I do think Bill is extremely polite having had a thread so comprehensively hijacked


........Mike

gerald_d
09-30-2006, 11:08 AM
...talk of geezers, wheezers, groaners and moaners, and look who is the first to appear!

Waves at Mike

bojan
10-02-2006, 12:52 PM
47

don_ask
10-02-2006, 01:16 PM
65

gerald_d
10-02-2006, 02:16 PM
Bojan, from Slovenia - welcome to my time-zone!

Now I am thinking of kremšnita...

mikejohn
10-03-2006, 01:14 AM
I'm in your time zone. Why aren't you nice to me?

gerald_d
10-03-2006, 02:48 AM
Your lot invaded my country and became my ancestors. You made me wear a tie...and shoes

bojan
10-03-2006, 10:21 AM
Hi to all.
You know kremšnita? Great! Let me know when you will come in Slovenia!Or anybody else of you - shopboters.

Lep pozdrav

Bojan

mikejohn
10-03-2006, 10:58 AM
Bojan
It's the like of kremsnita that makes Gerald the size he is!!


.........Mike

wcsg
10-03-2006, 10:59 AM
33 just turned, and still dead sexy

gerald_d
10-03-2006, 11:19 AM
We discovered kremšnita in Samobor (HR) last year - that's where I put one foot into Slovenia when the border guards weren't looking. Is 150kg a big size?

bill.young
10-03-2006, 12:16 PM
An updated ShopBot Editor with a fix for a problem where files are opened as Read-only has been posted in ShopBot Labs (http://www.shopbottools.com/shopbot_labs.htm). If you have a computer that has this problem please download the update and help us test it out.

Take me to the Editor update (http://www.shopbottools.com/files/LabFiles/sbEditor.htm)

Bill

bojan
10-03-2006, 02:39 PM
Cool, 150kg kremshnita!!

kremshnita:


(Far away from topic?!)

Lep poydrav

Bojan

bojan
10-03-2006, 02:40 PM
hm, where is picture?

bojan
10-03-2006, 02:45 PM
OK, this one is right size:

9057

bojan
10-03-2006, 02:45 PM
OK, this one is right size:

9058

trakwebster
10-14-2006, 03:25 PM
The 'copy machine update' on shopbot labs says --

"Notes...Requires an open source control (vbtablet.dll) that interfaces with the digitizing tablet. The control, a .bat file that registers it, and the licensing information for the control is included in the download. More information on the control can be found on Sourceforge."

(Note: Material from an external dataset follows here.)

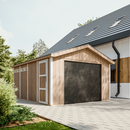 Timbela Garage LP® SmartSide® M991B – 354 x 486 cm – 17 m2 – Bild 1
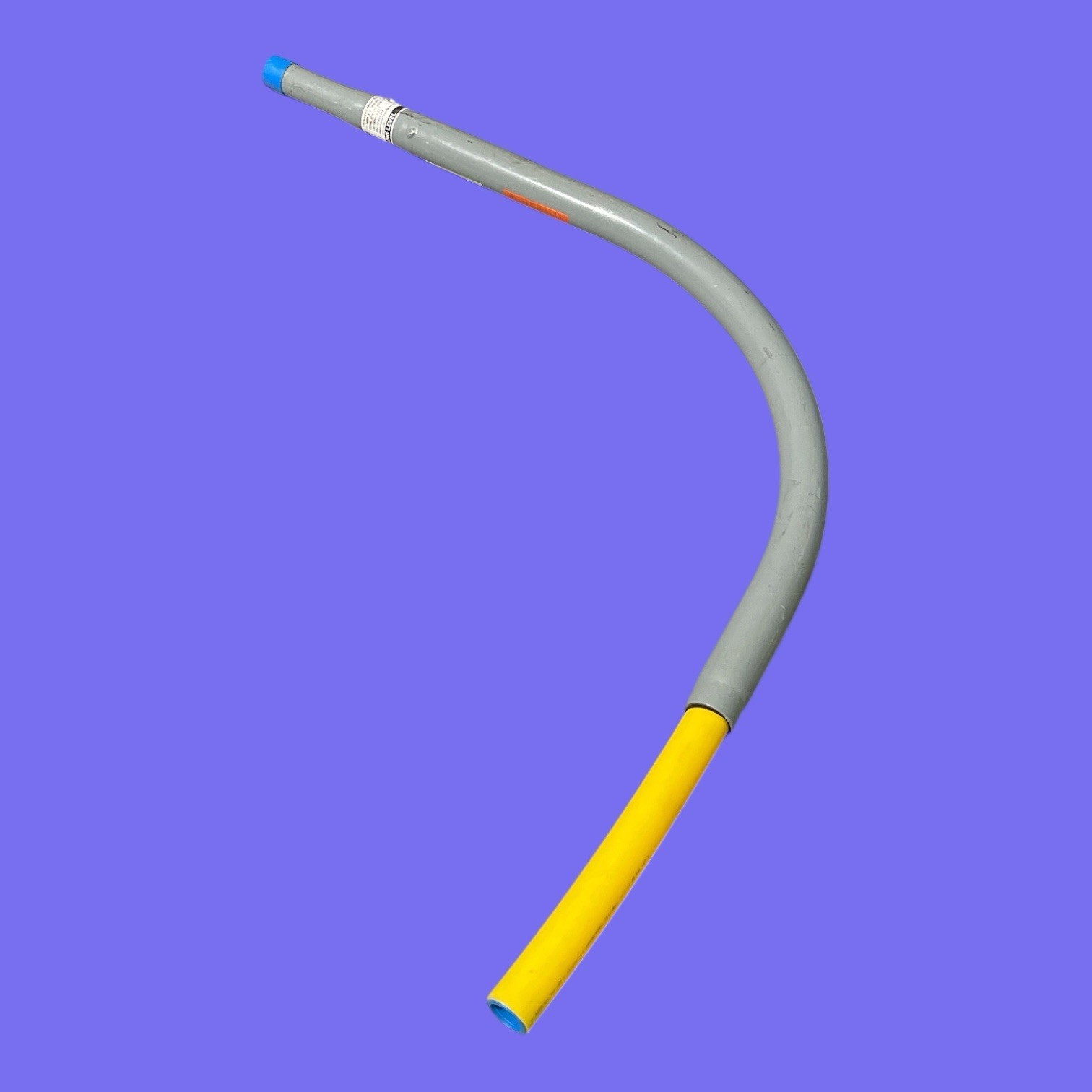 HOME-FLEX 1” IPS Poly DR 11 to 1” MIP Underground Meter Riser Bent (S2)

This same note is found on the 'sketchpad' download page, and I can see why the 'vtablet.dll' might be handy for a digitizing tablet as used in the 'sketchpad' software.

But is this 'vtablett.dll' really needed for the copy machine update? Or is this just a typo?

bill.young
10-14-2006, 05:54 PM
You're correct...you only need it that dll for the SketchPad. It was just sloppy Cutting and Pasting on my part when I put the pages together...it's fixed now.

Bill

bill.young
12-31-2006, 12:12 PM
The file splitter has been updated in ShopBot Labs (http://www.shopbottools.com/shopbot_labs.htm)...thanks to some good feedback you can now specify the maximum number of lines in your output files and there's a little better feedback so that you know what's going on.

I'm working on a couple of new projects that will start out in ShopBot Labs...I'll post when they're up.